## Provided information:
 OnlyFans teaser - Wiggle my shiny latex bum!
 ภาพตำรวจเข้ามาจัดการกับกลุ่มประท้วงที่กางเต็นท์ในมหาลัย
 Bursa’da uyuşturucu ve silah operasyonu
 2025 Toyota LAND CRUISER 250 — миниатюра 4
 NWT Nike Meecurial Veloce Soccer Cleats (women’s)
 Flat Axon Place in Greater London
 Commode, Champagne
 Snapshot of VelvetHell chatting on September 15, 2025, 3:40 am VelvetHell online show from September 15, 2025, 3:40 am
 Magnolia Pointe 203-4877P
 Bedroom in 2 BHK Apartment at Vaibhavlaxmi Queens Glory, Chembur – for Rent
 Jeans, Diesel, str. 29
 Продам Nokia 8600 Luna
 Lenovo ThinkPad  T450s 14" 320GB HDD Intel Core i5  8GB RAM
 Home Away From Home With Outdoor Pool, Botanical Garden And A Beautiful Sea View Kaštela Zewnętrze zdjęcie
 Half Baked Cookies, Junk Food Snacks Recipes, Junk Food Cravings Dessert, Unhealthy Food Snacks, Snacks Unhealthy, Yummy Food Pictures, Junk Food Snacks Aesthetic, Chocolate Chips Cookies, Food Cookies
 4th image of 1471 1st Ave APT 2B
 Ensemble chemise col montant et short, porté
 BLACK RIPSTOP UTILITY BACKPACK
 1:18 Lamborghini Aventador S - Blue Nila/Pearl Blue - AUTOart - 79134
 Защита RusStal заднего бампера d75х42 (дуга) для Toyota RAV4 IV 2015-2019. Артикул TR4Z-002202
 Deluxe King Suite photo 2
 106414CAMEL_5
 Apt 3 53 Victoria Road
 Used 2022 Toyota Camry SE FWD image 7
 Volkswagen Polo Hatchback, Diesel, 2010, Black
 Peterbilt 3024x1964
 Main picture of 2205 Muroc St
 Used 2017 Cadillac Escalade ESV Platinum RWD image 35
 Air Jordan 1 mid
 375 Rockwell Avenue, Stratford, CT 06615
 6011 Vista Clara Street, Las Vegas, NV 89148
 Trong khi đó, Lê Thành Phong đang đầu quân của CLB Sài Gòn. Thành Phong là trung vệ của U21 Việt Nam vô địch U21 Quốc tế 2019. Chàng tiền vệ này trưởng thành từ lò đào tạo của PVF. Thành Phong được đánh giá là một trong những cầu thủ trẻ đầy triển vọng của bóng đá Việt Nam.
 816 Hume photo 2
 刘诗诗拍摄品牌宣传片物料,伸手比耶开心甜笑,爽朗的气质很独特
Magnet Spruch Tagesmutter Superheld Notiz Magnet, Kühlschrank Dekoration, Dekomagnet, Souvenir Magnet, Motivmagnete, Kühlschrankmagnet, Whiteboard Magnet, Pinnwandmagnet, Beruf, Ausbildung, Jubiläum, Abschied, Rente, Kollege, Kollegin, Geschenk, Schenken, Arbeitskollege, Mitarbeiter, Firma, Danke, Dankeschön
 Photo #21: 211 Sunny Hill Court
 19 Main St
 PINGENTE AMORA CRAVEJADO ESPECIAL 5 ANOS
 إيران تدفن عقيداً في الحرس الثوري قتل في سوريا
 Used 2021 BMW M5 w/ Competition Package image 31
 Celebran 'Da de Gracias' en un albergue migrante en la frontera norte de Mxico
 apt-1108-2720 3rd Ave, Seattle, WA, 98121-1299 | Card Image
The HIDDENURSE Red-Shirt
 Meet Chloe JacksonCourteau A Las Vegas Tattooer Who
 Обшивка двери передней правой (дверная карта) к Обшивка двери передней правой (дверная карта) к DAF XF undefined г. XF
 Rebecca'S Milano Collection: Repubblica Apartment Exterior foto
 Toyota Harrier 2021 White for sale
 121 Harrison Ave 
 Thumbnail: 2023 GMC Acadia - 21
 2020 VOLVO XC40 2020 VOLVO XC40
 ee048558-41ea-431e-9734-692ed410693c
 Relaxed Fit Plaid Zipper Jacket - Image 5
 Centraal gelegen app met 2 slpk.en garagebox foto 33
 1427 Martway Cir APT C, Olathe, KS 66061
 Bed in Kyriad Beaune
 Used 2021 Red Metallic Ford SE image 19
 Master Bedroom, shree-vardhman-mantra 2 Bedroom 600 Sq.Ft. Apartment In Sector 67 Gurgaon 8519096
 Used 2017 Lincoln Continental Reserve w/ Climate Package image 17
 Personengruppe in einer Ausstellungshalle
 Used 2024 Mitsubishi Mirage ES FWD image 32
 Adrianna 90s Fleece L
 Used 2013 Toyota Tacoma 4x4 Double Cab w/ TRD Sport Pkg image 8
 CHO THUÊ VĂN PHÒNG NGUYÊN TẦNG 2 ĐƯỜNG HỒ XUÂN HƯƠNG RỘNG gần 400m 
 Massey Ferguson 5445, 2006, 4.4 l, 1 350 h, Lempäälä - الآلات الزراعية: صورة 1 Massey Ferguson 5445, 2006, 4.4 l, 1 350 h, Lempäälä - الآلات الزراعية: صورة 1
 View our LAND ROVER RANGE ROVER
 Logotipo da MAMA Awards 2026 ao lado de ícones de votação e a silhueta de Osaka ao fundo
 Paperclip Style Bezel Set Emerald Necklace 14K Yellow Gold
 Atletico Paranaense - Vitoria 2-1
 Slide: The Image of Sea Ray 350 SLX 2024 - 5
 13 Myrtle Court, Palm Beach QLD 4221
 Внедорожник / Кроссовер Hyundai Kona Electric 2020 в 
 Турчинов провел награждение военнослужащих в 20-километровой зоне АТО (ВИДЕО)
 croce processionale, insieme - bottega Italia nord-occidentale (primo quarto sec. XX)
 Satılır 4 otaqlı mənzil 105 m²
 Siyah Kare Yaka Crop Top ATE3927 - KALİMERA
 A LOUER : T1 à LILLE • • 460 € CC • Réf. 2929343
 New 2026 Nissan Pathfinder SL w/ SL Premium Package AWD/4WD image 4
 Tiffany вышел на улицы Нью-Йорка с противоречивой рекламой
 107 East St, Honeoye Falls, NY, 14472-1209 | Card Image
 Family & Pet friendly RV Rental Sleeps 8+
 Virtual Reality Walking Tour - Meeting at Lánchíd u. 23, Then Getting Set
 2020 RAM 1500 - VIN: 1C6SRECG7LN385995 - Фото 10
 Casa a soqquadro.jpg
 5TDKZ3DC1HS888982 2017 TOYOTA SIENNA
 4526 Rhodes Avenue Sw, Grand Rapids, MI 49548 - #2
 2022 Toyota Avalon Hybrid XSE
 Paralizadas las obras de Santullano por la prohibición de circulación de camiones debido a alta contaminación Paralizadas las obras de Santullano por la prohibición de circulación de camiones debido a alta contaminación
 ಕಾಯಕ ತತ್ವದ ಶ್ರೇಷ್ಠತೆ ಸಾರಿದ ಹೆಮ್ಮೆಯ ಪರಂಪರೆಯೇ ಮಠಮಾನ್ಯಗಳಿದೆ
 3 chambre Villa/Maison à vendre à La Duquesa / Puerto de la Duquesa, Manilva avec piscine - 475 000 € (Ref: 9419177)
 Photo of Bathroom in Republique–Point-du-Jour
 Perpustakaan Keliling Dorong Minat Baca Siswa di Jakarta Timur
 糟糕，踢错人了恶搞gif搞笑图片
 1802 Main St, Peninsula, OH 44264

## Try it:
The material above should be given again in full, exactly.

## Reply:
 OnlyFans teaser - Wiggle my shiny latex bum!
 ภาพตำรวจเข้ามาจัดการกับกลุ่มประท้วงที่กางเต็นท์ในมหาลัย
 Bursa’da uyuşturucu ve silah operasyonu
 2025 Toyota LAND CRUISER 250 — миниатюра 4
 NWT Nike Meecurial Veloce Soccer Cleats (women’s)
 Flat Axon Place in Greater London
 Commode, Champagne
 Snapshot of VelvetHell chatting on September 15, 2025, 3:40 am VelvetHell online show from September 15, 2025, 3:40 am
 Magnolia Pointe 203-4877P
 Bedroom in 2 BHK Apartment at Vaibhavlaxmi Queens Glory, Chembur – for Rent
 Jeans, Diesel, str. 29
 Продам Nokia 8600 Luna
 Lenovo ThinkPad  T450s 14" 320GB HDD Intel Core i5  8GB RAM
 Home Away From Home With Outdoor Pool, Botanical Garden And A Beautiful Sea View Kaštela Zewnętrze zdjęcie
 Half Baked Cookies, Junk Food Snacks Recipes, Junk Food Cravings Dessert, Unhealthy Food Snacks, Snacks Unhealthy, Yummy Food Pictures, Junk Food Snacks Aesthetic, Chocolate Chips Cookies, Food Cookies
 4th image of 1471 1st Ave APT 2B
 Ensemble chemise col montant et short, porté
 BLACK RIPSTOP UTILITY BACKPACK
 1:18 Lamborghini Aventador S - Blue Nila/Pearl Blue - AUTOart - 79134
 Защита RusStal заднего бампера d75х42 (дуга) для Toyota RAV4 IV 2015-2019. Артикул TR4Z-002202
 Deluxe King Suite photo 2
 106414CAMEL_5
 Apt 3 53 Victoria Road
 Used 2022 Toyota Camry SE FWD image 7
 Volkswagen Polo Hatchback, Diesel, 2010, Black
 Peterbilt 3024x1964
 Main picture of 2205 Muroc St
 Used 2017 Cadillac Escalade ESV Platinum RWD image 35
 Air Jordan 1 mid
 375 Rockwell Avenue, Stratford, CT 06615
 6011 Vista Clara Street, Las Vegas, NV 89148
 Trong khi đó, Lê Thành Phong đang đầu quân của CLB Sài Gòn. Thành Phong là trung vệ của U21 Việt Nam vô địch U21 Quốc tế 2019. Chàng tiền vệ này trưởng thành từ lò đào tạo của PVF. Thành Phong được đánh giá là một trong những cầu thủ trẻ đầy triển vọng của bóng đá Việt Nam.
 816 Hume photo 2
 刘诗诗拍摄品牌宣传片物料,伸手比耶开心甜笑,爽朗的气质很独特
Magnet Spruch Tagesmutter Superheld Notiz Magnet, Kühlschrank Dekoration, Dekomagnet, Souvenir Magnet, Motivmagnete, Kühlschrankmagnet, Whiteboard Magnet, Pinnwandmagnet, Beruf, Ausbildung, Jubiläum, Abschied, Rente, Kollege, Kollegin, Geschenk, Schenken, Arbeitskollege, Mitarbeiter, Firma, Danke, Dankeschön
 Photo #21: 211 Sunny Hill Court
 19 Main St
 PINGENTE AMORA CRAVEJADO ESPECIAL 5 ANOS
 إيران تدفن عقيداً في الحرس الثوري قتل في سوريا
 Used 2021 BMW M5 w/ Competition Package image 31
 Celebran 'Da de Gracias' en un albergue migrante en la frontera norte de Mxico
 apt-1108-2720 3rd Ave, Seattle, WA, 98121-1299 | Card Image
The HIDDENURSE Red-Shirt
 Meet Chloe JacksonCourteau A Las Vegas Tattooer Who
 Обшивка двери передней правой (дверная карта) к Обшивка двери передней правой (дверная карта) к DAF XF undefined г. XF
 Rebecca'S Milano Collection: Repubblica Apartment Exterior foto
 Toyota Harrier 2021 White for sale
 121 Harrison Ave 
 Thumbnail: 2023 GMC Acadia - 21
 2020 VOLVO XC40 2020 VOLVO XC40
 ee048558-41ea-431e-9734-692ed410693c
 Relaxed Fit Plaid Zipper Jacket - Image 5
 Centraal gelegen app met 2 slpk.en garagebox foto 33
 1427 Martway Cir APT C, Olathe, KS 66061
 Bed in Kyriad Beaune
 Used 2021 Red Metallic Ford SE image 19
 Master Bedroom, shree-vardhman-mantra 2 Bedroom 600 Sq.Ft. Apartment In Sector 67 Gurgaon 8519096
 Used 2017 Lincoln Continental Reserve w/ Climate Package image 17
 Personengruppe in einer Ausstellungshalle
 Used 2024 Mitsubishi Mirage ES FWD image 32
 Adrianna 90s Fleece L
 Used 2013 Toyota Tacoma 4x4 Double Cab w/ TRD Sport Pkg image 8
 CHO THUÊ VĂN PHÒNG NGUYÊN TẦNG 2 ĐƯỜNG HỒ XUÂN HƯƠNG RỘNG gần 400m 
 Massey Ferguson 5445, 2006, 4.4 l, 1 350 h, Lempäälä - الآلات الزراعية: صورة 1 Massey Ferguson 5445, 2006, 4.4 l, 1 350 h, Lempäälä - الآلات الزراعية: صورة 1
 View our LAND ROVER RANGE ROVER
 Logotipo da MAMA Awards 2026 ao lado de ícones de votação e a silhueta de Osaka ao fundo
 Paperclip Style Bezel Set Emerald Necklace 14K Yellow Gold
 Atletico Paranaense - Vitoria 2-1
 Slide: The Image of Sea Ray 350 SLX 2024 - 5
 13 Myrtle Court, Palm Beach QLD 4221
 Внедорожник / Кроссовер Hyundai Kona Electric 2020 в 
 Турчинов провел награждение военнослужащих в 20-километровой зоне АТО (ВИДЕО)
 croce processionale, insieme - bottega Italia nord-occidentale (primo quarto sec. XX)
 Satılır 4 otaqlı mənzil 105 m²
 Siyah Kare Yaka Crop Top ATE3927 - KALİMERA
 A LOUER : T1 à LILLE • • 460 € CC • Réf. 2929343
 New 2026 Nissan Pathfinder SL w/ SL Premium Package AWD/4WD image 4
 Tiffany вышел на улицы Нью-Йорка с противоречивой рекламой
 107 East St, Honeoye Falls, NY, 14472-1209 | Card Image
 Family & Pet friendly RV Rental Sleeps 8+
 Virtual Reality Walking Tour - Meeting at Lánchíd u. 23, Then Getting Set
 2020 RAM 1500 - VIN: 1C6SRECG7LN385995 - Фото 10
 Casa a soqquadro.jpg
 5TDKZ3DC1HS888982 2017 TOYOTA SIENNA
 4526 Rhodes Avenue Sw, Grand Rapids, MI 49548 - #2
 2022 Toyota Avalon Hybrid XSE
 Paralizadas las obras de Santullano por la prohibición de circulación de camiones debido a alta contaminación Paralizadas las obras de Santullano por la prohibición de circulación de camiones debido a alta contaminación
 ಕಾಯಕ ತತ್ವದ ಶ್ರೇಷ್ಠತೆ ಸಾರಿದ ಹೆಮ್ಮೆಯ ಪರಂಪರೆಯೇ ಮಠಮಾನ್ಯಗಳಿದೆ
 3 chambre Villa/Maison à vendre à La Duquesa / Puerto de la Duquesa, Manilva avec piscine - 475 000 € (Ref: 9419177)
 Photo of Bathroom in Republique–Point-du-Jour
 Perpustakaan Keliling Dorong Minat Baca Siswa di Jakarta Timur
 糟糕，踢错人了恶搞gif搞笑图片
 1802 Main St, Peninsula, OH 44264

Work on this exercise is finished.